Le cadre juridique des captures d’écran comme preuve

En droit français, le principe est celui de la liberté de la preuve en matière civile et commerciale, sous réserve du respect de certaines règles spécifiques (notamment pour les actes juridiques dépassant un certain montant ou soumis à des formes particulières).

L’article 1358 du Code civil dispose que « hors les cas où la loi en dispose autrement, la preuve peut être apportée par tout moyen ». La preuve numérique, y compris la capture d’écran, est donc en principe recevable. Toutefois, la question essentielle n’est pas tant la recevabilité que la force probante de la capture d’écran et la manière dont le juge appréciera sa fiabilité.

L’article 1366 du Code civil reconnaît explicitement la valeur probante de l’écrit électronique : « L’écrit électronique a la même force probante que l’écrit sur support papier, sous réserve que puisse être dûment identifiée la personne dont il émane et qu’il soit établi et conservé dans des conditions de nature à en garantir l’intégrité. » La capture d’écran, en tant que représentation d’un écrit électronique, doit donc s’inscrire dans cette logique de fiabilité et d’intégrité.

En pratique, les juridictions françaises admettent régulièrement les captures d’écran comme moyens de preuve. Cependant, elles sont souvent considérées comme de simples commencements de preuve nécessitant d’être corroborés par d’autres éléments (témoignages, constats, métadonnées, journaux de connexion, etc.).
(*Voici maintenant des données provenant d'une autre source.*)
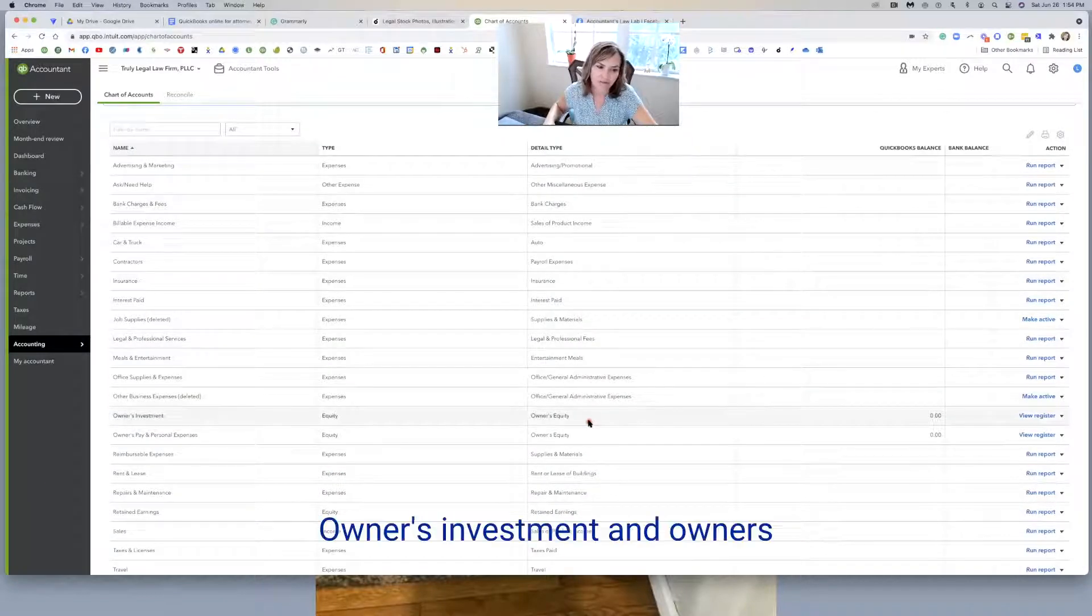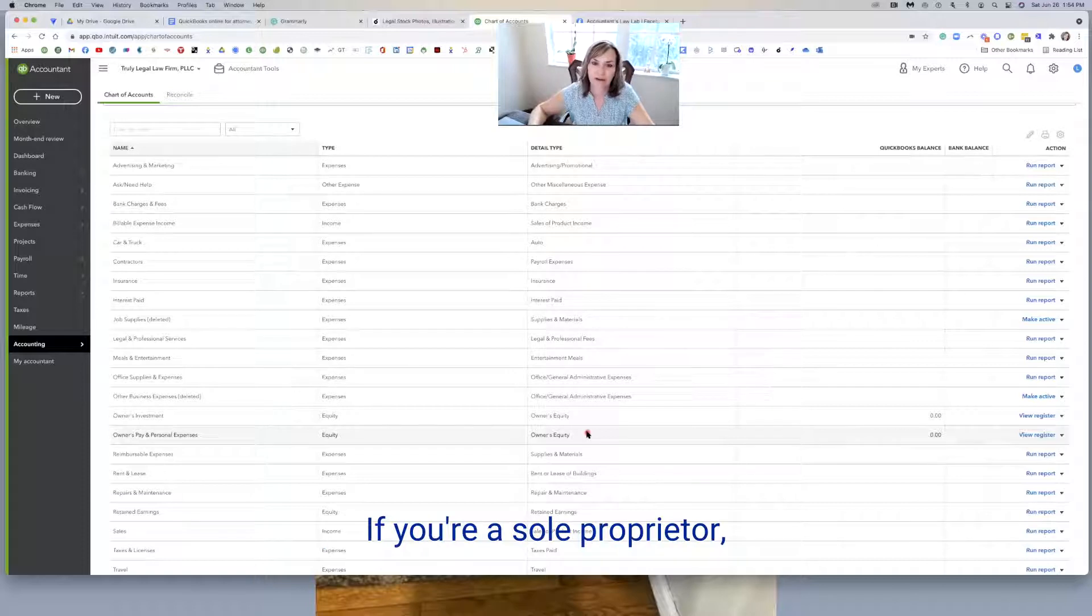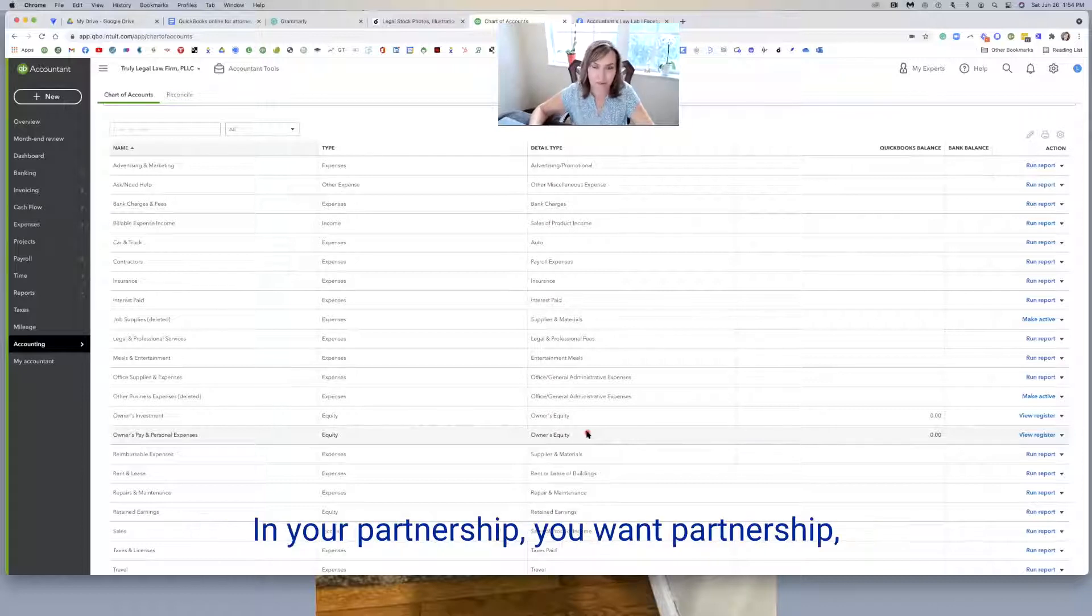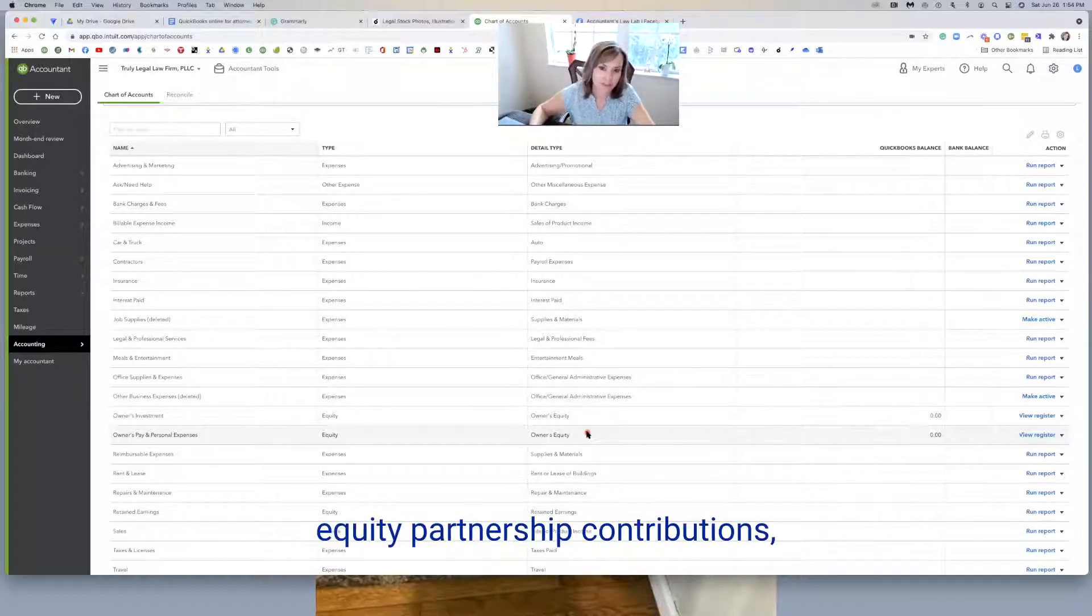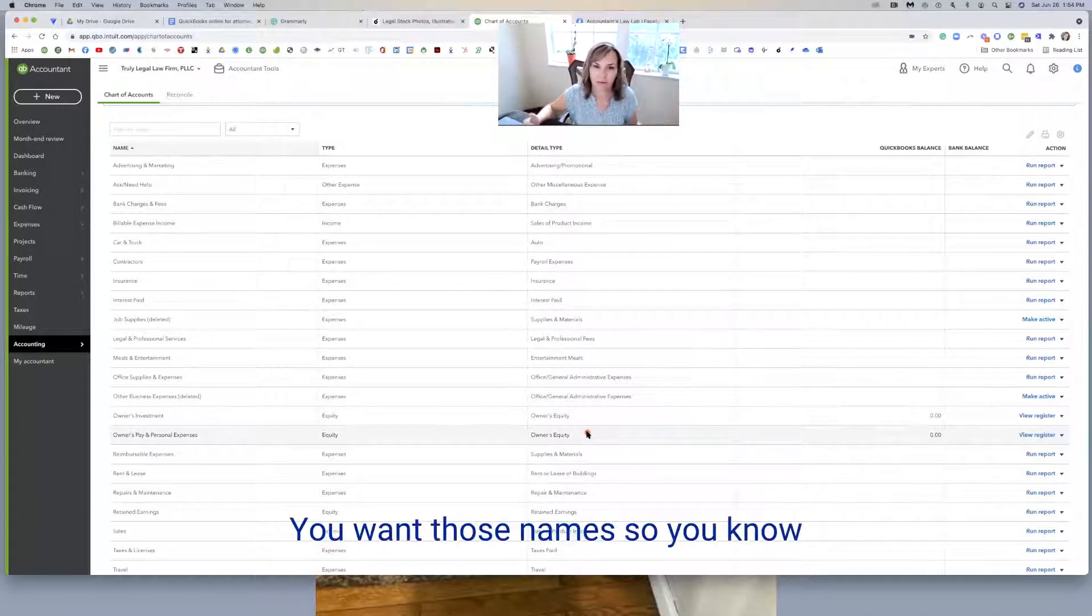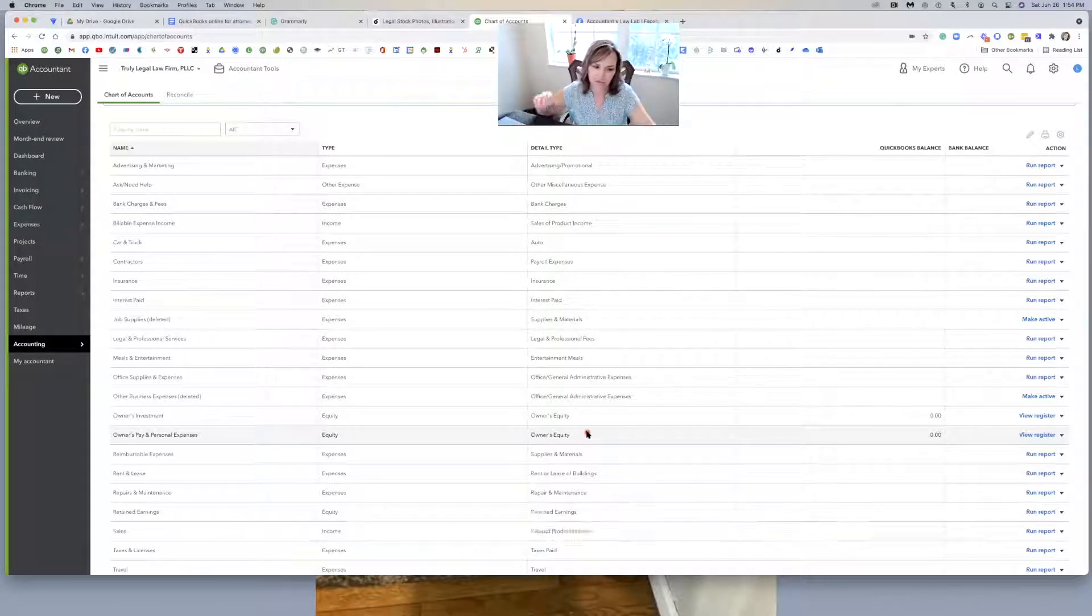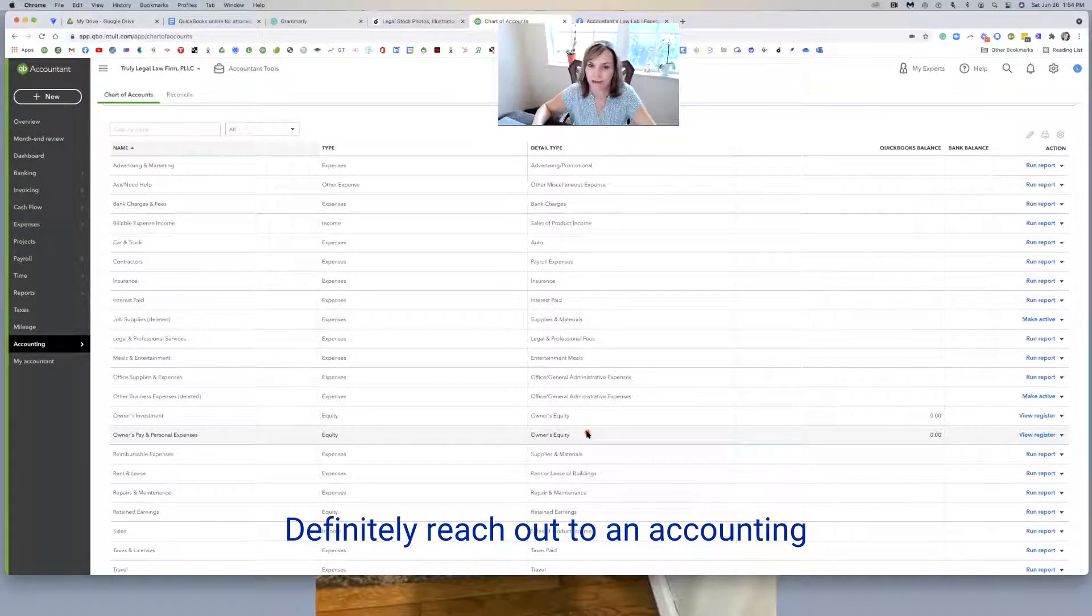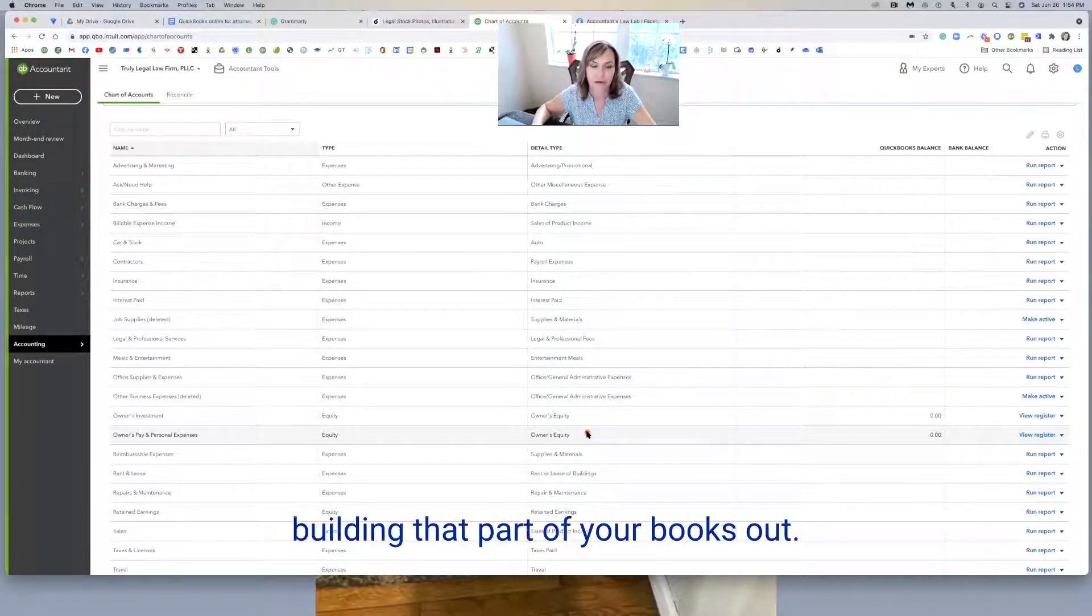Owner's investment and owner's pay and personal expenses, great if you're a sole proprietor. If you are a corporation, you want to have the proper language around your equity accounts. If you're a partnership, you want partnership equity, partnership contributions, partnership distributions. If there's multiple partners, you want those names so you know whose money is being put in, whose money. So you really want to be careful in the equity section. Definitely reach out to an accounting professional that could help you with building that part of your books out.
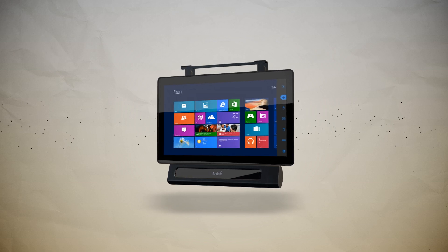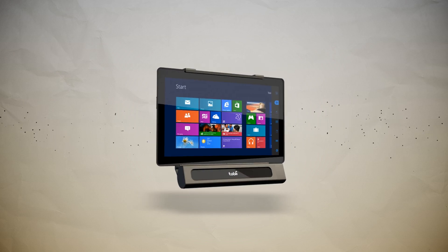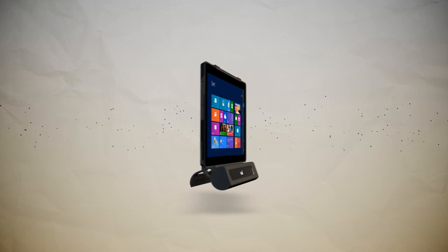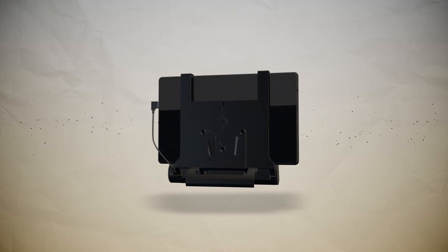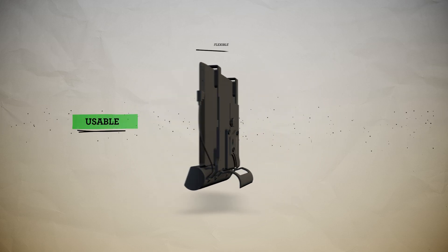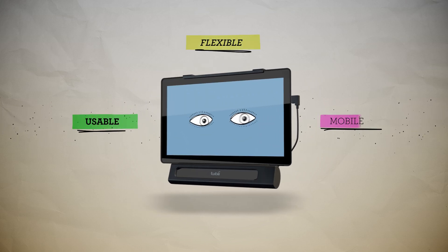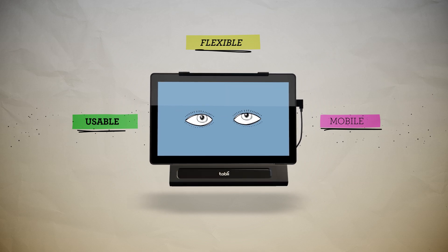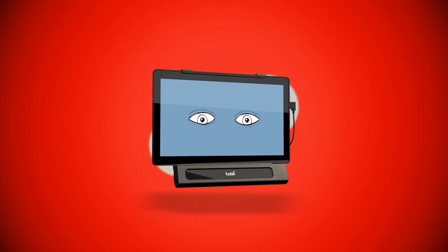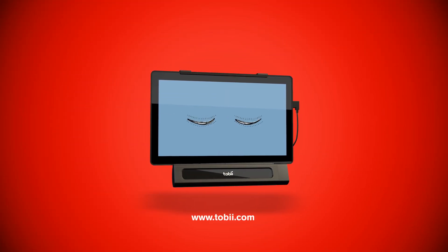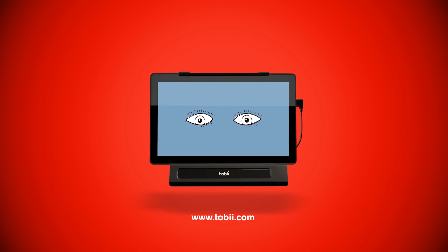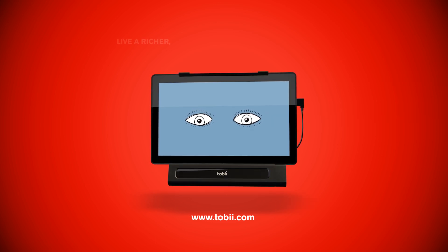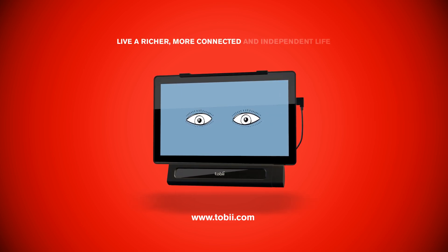The Tobii iMobile gives you hands-free access to all the functions of your tablet, making it a truly usable, flexible, and mobile solution for computer access. The Tobii iMobile empowers users and gives them the opportunity to live richer, more connected, and independent lives.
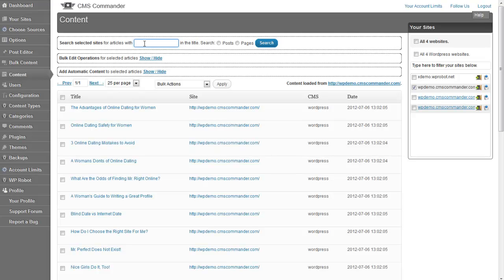At the top of the page you can find a search field which you can use to search all your sites for specific content. Simply enter a search term, select the websites you want to search on in the list, and press search. This is useful if you want to bulk edit content about a specific topic and not from a specific website.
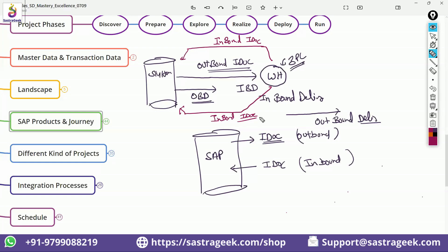Both IBD and OBD are outbound IDOCs only, because the IDOC is an intermediary document. In the view of IDOCs, both are outbound. That means in IDOCs, in the partner profile, we need to go with the outbound. There are two options in the partner profile — outbound delivery and inbound delivery — so we need to give the inputs in outbound delivery only for IBD and OBD.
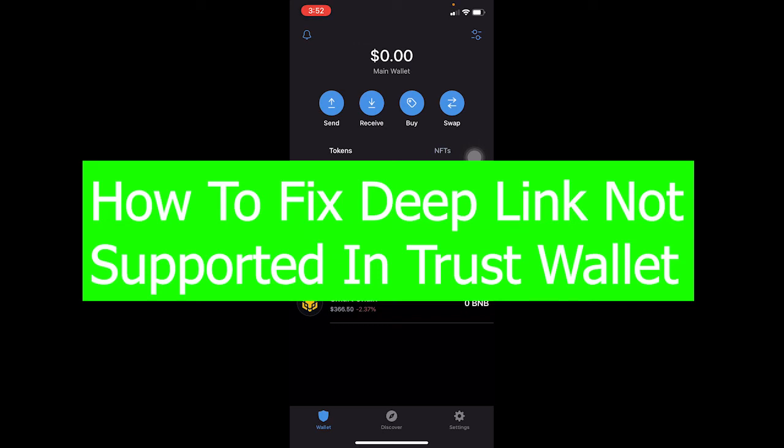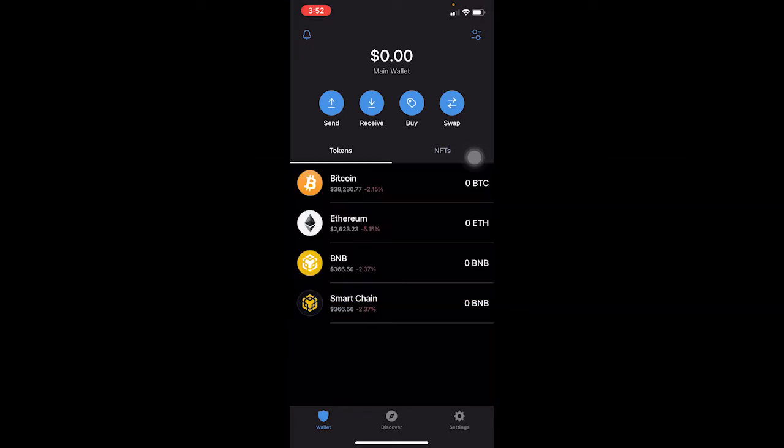Are you guys facing the problem where it says 'deep link not supported' in Trust Wallet? Well, you're at the right video, because by the end of this video you guys will know how you can fix the deep link not supported problem on your Trust Wallet.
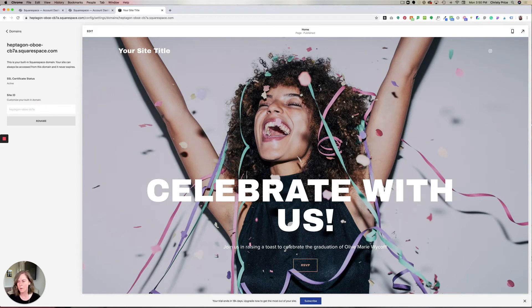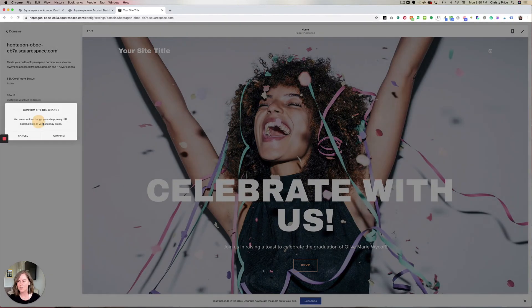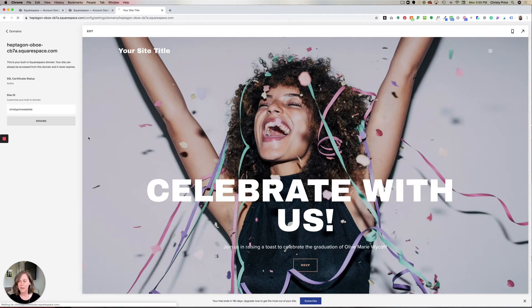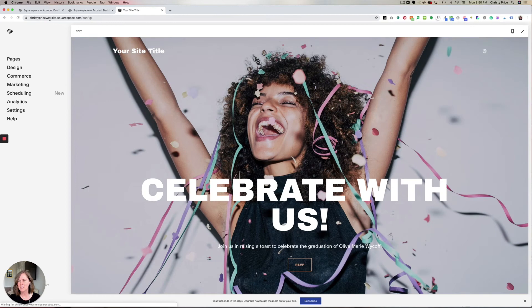So if I wanted it to say Christy Price Website, or you could add some dashes — whatever you want — and confirm that. And now my built-in domain is christypricewebsite.squarespace.com.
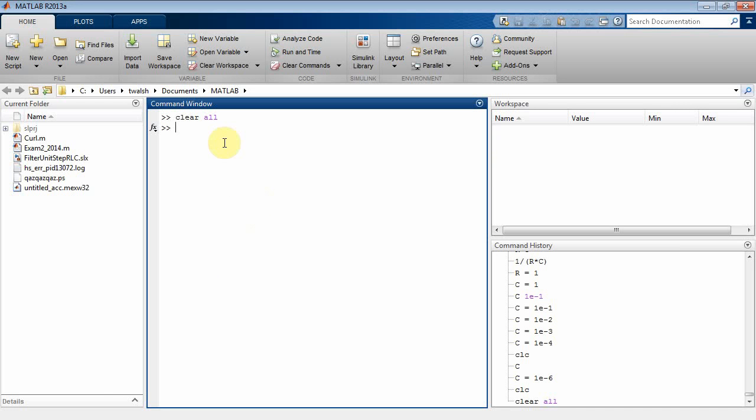Okay, welcome back to Simulink tutorials. This one is going to show you how to use variables in MATLAB.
Recevabilité vs force probante : ce que les entreprises doivent comprendre

Pour une entreprise, la nuance est déterminante :

  • Recevabilité : le juge accepte d’examiner la capture d’écran. C’est le cas la plupart du temps, sauf si elle a été obtenue par un procédé clairement illicite (violation du secret des correspondances, piratage, atteinte manifeste à la vie privée, etc.).
  • Force probante : le juge accorde à cette capture une valeur plus ou moins importante dans son raisonnement. Une simple impression d’écran réalisée unilatéralement, sans autre garantie, sera plus facilement contestée.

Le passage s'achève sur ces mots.